Camel 16 of 17

That smashed and dirty Camel cigarette pack, that piece of detritus lying in the street, originally designed to attract and urge people to use a product that we know can kill them, had churned my imagination regarding my roots. The design of the package aroused a sense of the exotic in what was in 1912 to many Americans a new, mysterious and unfamiliar country. It brought back stories told by family members, who had been there and the look on there faces, when they talked about Cairo or Alexandria. That image of the camel, developed from drawings of a particular, nasty camel in the Barnum Bailey Circus performing at the time somewhere in southeastern US, I think, Georgia or South Carolina, not in the Sahara, also stirred my imagination, nearly one hundred years after the drawing was created.
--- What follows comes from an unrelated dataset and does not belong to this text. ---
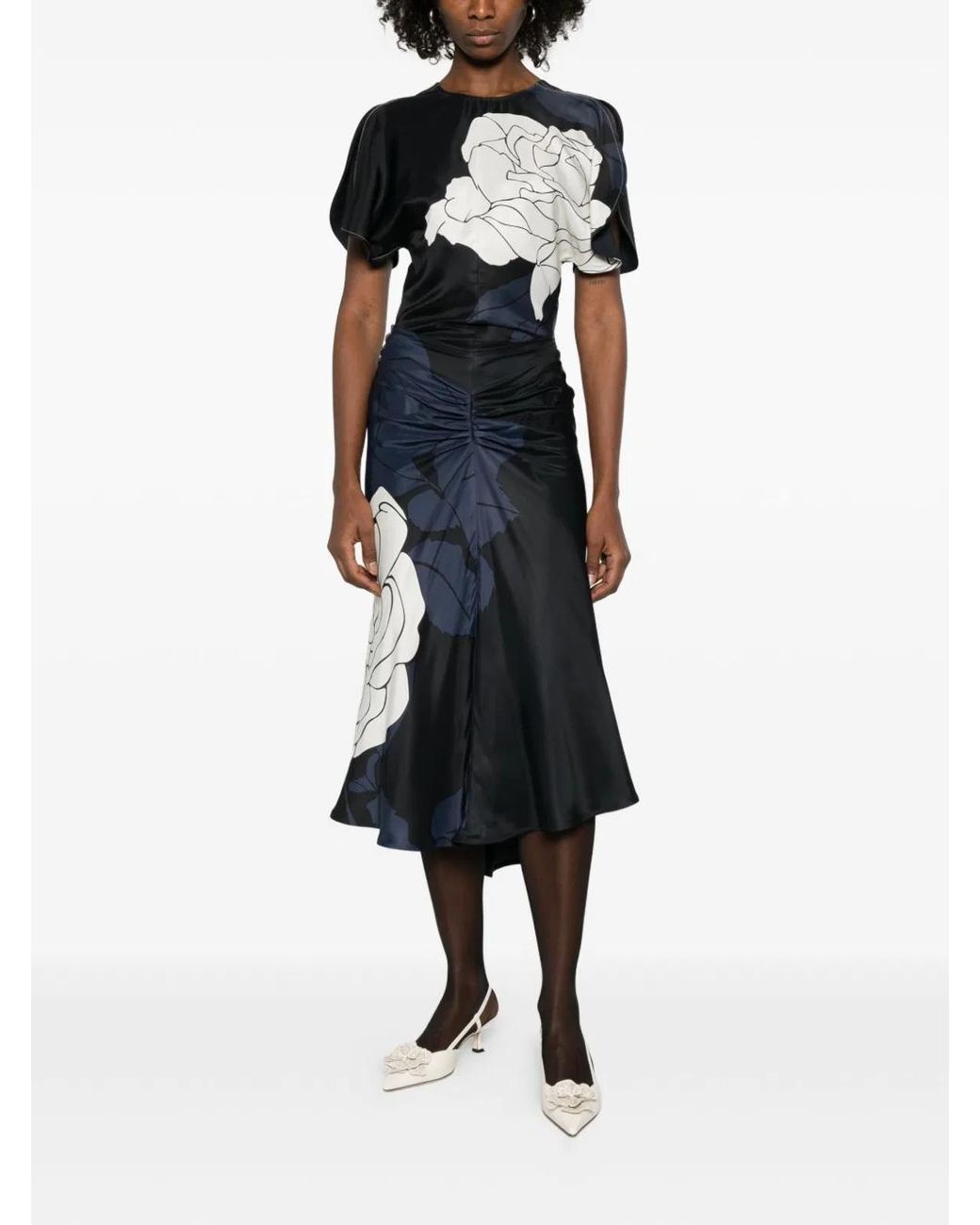 Victoria Beckham Blue Midi Skirt Flower Draped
Few Americans had seen a camel up to that time, so this added to the feeling of the unusual for the Reynolds Company market. The Cigarette pack did not solve the “Riddle of the Sphinx” for me. If not serendipitous, though, the package at least carried my mind in many directions different from what R. J. Reynolds Company intended. It inspired connections I had not yet considered, regarding the relationship of the Turks and Egyptians, the relationship between the Ford Motor Company and my grandfather, Andreas Halkiopoulos, and the relationship between the West and the East. So many things before us can be noticed, if only, at times, we stop and look around us and think.